The ultimate day out for any bus and train enthusiast (commuters aside) is to hop on the rail service from St Albans to St Pancras, pick up the Piccadilly Line to Covent Garden and spend a couple of hours exploring the wonders of the London Transport Museum housed in a former Victorian flower market in Covent Garden.
Newly reopened after a two year £22 million refurbishment, the museum's interactive galleries tell the story of London's changing transport systems and the people who travelled and worked on them during the last 200 years.
Entering through the dazzling World Cities gallery, you ascend in a lift that time-travels you back to the 19th century. From Victorian omnibuses, trams and the early steam-powered Metropolitan Line, you journey through three fascinating and fun-packed floors charting the development of electric underground trains, the growth of 'Metroland', the popularity contest between buses and trams, the importance of London Transport during two World Wars and the way in which iconic designs of artwork and vehicles have become part of our heritage before returning to the present to contemplate the future of public transport.

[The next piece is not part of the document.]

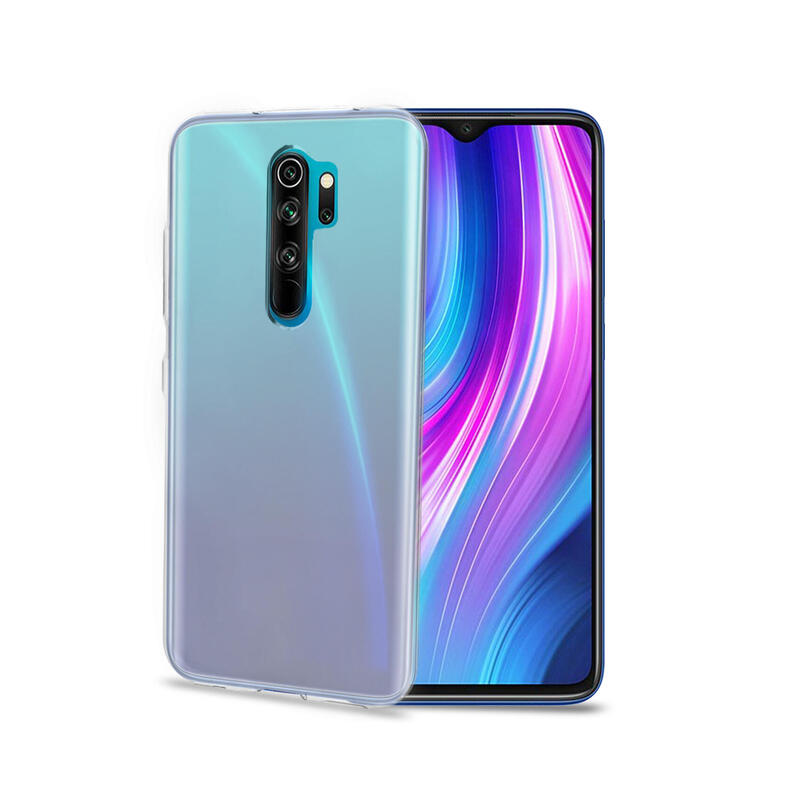 celly-gelskin-funda-para-redmi-note-8-pro-166-cm-653-transparente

- the innovative design gallery showcasing the much loved maps, signs and posters
- the fascinating details of what the world''s first underground railway entailed
- the unexpected… we encountered a 'fluffer' (track cleaner) – one of the museum's actors that brings exhibits to life
- for adults – all the nostalgia of the wood-panelled tube carriage from the 70s and the routemasters we used to hop on and off before trendy bendy buses arrived
- for children – lots of interactive displays, a gallery trail (with stamps to collect), the chance to dress up and drive a bus or tube train, a compact but fun play area for the under-6's and special activities during school holidays
- free entry for children and reasonable prices (£10 for 2 sandwiches, 2 coffees and a muffin when we visited – although we bought these from the self-service picnic area on the ground floor - the Upper Deck café is table service and more expensive).